WHAT NEEDS TO BE DONE:
Below are the records. Retype exactly the lines between the lines holding "In this video, I'm" and "These are the", inclusive.

THE RECORDS:
====

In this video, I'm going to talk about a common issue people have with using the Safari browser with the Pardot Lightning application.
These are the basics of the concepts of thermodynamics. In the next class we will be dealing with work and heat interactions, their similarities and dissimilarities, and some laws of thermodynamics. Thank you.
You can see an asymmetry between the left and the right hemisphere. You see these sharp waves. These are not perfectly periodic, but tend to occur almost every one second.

====

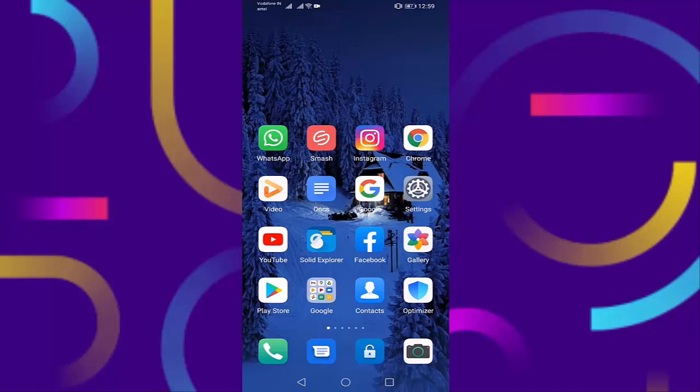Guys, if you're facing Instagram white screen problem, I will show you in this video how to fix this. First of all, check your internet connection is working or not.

====

RESULT FOR THIS EXERCISE:
In this video, I'm going to talk about a common issue people have with using the Safari browser with the Pardot Lightning application.
These are the basics of the concepts of thermodynamics. In the next class we will be dealing with work and heat interactions, their similarities and dissimilarities, and some laws of thermodynamics. Thank you.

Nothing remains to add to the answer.